The cost of finance held broadly steady. The effective interest rate on new PNFC bank loans was unchanged at 5.52%, while the rate on new SME loans edged up 5 basis points to 6.16%.
Businesses ran down deposits sharply, withdrawing £7.4bn across all currencies after depositing £18.0bn in March, a swing that may reflect working capital demands or the funding of the buyback and investment activity seen elsewhere in the release.
At the aggregate level, the net flow of sterling money (M4ex) slowed to £9.2bn from £23.2bn, driven by sharply reduced deposits from non-intermediate other financial corporations and net withdrawals by PNFCs.
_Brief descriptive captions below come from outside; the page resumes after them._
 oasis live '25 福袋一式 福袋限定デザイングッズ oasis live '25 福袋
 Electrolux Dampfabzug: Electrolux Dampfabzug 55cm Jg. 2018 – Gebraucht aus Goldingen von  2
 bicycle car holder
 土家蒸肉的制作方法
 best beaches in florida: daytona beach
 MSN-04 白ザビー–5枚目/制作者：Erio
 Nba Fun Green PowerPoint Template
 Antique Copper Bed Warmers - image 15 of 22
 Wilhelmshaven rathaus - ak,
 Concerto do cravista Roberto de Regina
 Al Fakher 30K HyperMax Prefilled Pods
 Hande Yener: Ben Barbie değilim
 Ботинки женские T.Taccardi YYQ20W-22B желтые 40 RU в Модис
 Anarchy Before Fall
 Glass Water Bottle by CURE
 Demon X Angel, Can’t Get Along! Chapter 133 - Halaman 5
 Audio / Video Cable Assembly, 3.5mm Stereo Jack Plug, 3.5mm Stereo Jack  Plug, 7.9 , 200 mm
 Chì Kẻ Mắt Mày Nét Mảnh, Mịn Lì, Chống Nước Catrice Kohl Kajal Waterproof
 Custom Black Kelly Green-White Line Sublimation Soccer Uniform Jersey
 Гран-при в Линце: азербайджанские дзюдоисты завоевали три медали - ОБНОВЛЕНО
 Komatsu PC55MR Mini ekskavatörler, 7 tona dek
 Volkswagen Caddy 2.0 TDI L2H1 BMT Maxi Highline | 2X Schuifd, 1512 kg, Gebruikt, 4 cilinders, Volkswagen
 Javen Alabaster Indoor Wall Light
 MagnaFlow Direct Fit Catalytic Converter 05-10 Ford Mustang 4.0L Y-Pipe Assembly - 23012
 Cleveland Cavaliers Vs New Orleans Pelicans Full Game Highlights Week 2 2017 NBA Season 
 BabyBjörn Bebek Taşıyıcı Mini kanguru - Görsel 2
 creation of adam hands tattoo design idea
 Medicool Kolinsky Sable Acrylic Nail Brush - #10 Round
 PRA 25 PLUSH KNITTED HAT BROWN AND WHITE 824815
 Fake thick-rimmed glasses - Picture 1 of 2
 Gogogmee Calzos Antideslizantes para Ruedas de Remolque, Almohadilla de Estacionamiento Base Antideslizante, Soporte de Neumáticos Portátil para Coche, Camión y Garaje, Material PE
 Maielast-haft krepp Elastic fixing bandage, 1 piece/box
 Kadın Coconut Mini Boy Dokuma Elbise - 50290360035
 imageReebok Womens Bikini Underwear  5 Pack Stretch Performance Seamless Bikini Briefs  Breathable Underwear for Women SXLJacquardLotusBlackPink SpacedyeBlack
Despite the slower monthly flow, the annual growth rate of M4ex nudged up to 4.6%. Sterling net lending (M4Lex) likewise slowed to £11.6bn from £20.8bn, yet its annual growth rate firmed to 6.4%. The pattern across both aggregates, softer monthly flows but firmer annual growth, is a useful reminder not to read too much into a single month’s volatility.
On the household side, the picture was one of restraint and tax-efficient saving. Net mortgage borrowing fell to £4.4bn from £6.8bn, largely as repayments surged, though approvals for house purchase rose to 65,900. Consumer credit was steady at £1.9bn, with overdraft rates remaining punishingly high at 21.79%.
Most striking was the deposit picture, as households poured £12bn into ISAs while withdrawing £13.1bn from interest-bearing sight accounts, following a fairly common pattern around the start of the tax year.